For the past year, Hilton has been compiling their ideas, research and feedback into a report. The Virginia Coastal Policy Center is drafting recommendations for legal policies that support recovery. In July, VIMS began testing a new sonar system to collect data about the health of the shad’s habitat in the James.
Hilton plans to take the report back to the natural resources community for feedback before presenting it to the General Assembly this fall.
The proposal has four parts: First is to continue the monitoring program to help measure the progress of restoration projects. The second is to investigate the cause of the shad’s high mortality rates — is it the predatory blue catfish? Catching offshore? Surface water intakes? Third, Hilton says they’ll recommend reopening the hatchery. And lastly, he says we need more research on how climate change is impacting shad.
“In the 1990s, I don’t think anyone fully appreciated the climate change angle,” Hilton says, referring to data showing that the waters of the James, the Chesapeake Bay and the whole North Atlantic are increasing in temperature. Hilton speculates that, as a result, the American shad that do return to spawn in the James arrive in bad shape. “There is some evidence that we’re not getting older, healthier fish coming back. The ideal development temperature for eggs is in a fairly narrow window, so when you get higher than that, it might induce a poor year.”
A cynic might call Hilton’s recommendations more of the same, but he’s sure that continuing some of the old projects (with tweaks) and adding new ones will make a difference. There are some factors further projects will have little control over, like climate change, but, Hilton says, “I do believe that the recommendations we are proposing will help, but to be truly effective, these will need to be considered together.”

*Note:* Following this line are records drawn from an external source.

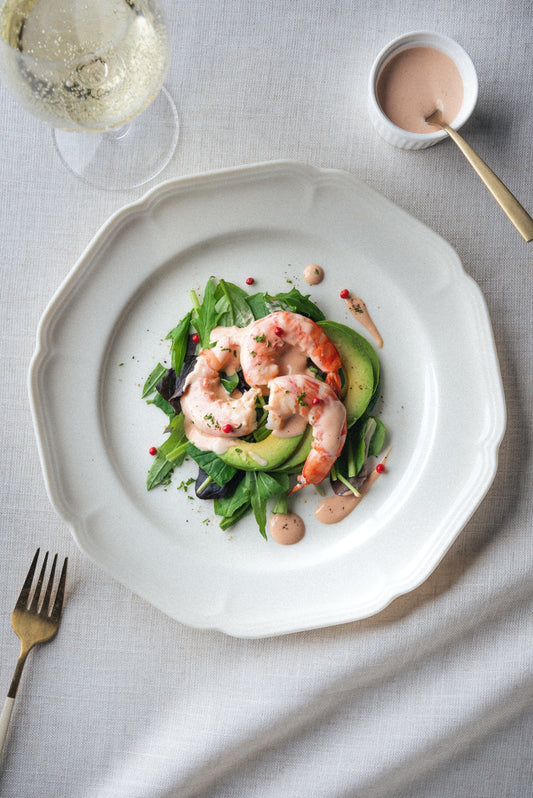 自家製ヨーグルト（発酵モード）でつくるオーロラソースのエビサラダ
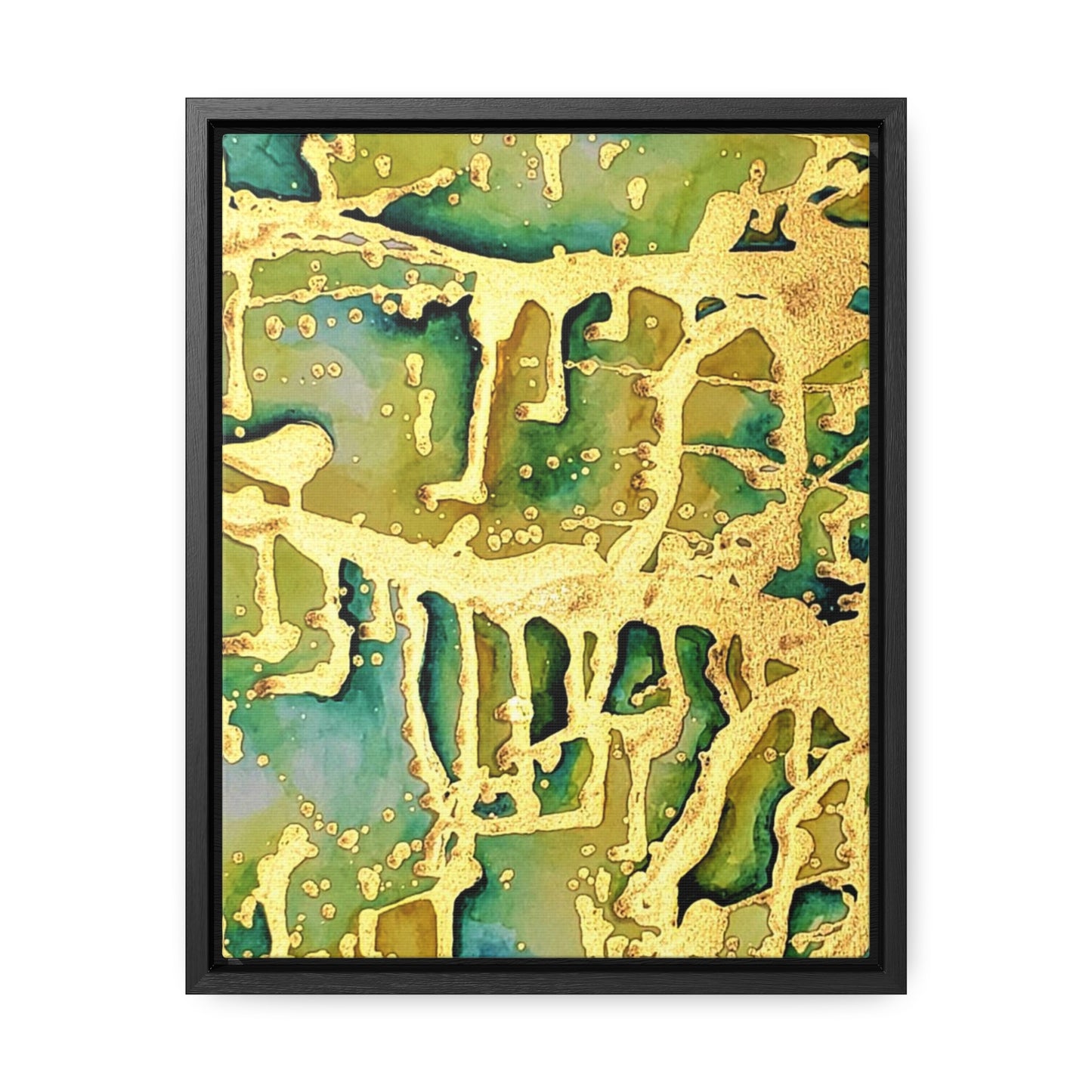 Acid Rain Gallery Canvas Wraps, Vertical Frame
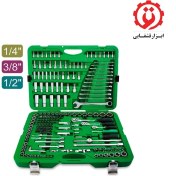 تصویر جعبه ابزار 216 پارچه 1/2 و 1/4 و 3/8 تاپ تول – TOPTUL مدل GCAI216R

Although past projects were well informed, there was no formal plan for shad restoration in the 1990s, says Bill Street, president and CEO of the James River Association. He believes getting consensus among environmental experts will make a stronger case to policymakers. “They [can] have the confidence that this is something that’s backed up by the best science available,” he says. “We hope that will accelerate and push our efforts forward.”
What if the population collapses? Marine migrants like the American shad enrich inland freshwater systems. “With a healthy run, they’re contributing a massive amount of marine-derived nutrients into a relatively less productive freshwater system. If you lose that, then you lose all those primary feeders on the food web,” Weaver says. But, given the chance, American shad are prolific spawners. “If you give them the opportunity and protect them, and if they have the habitat from spawning to rearing to out-migration to the time in the saltwater environment, if they’re protected and they get the resources they need, they can come back.”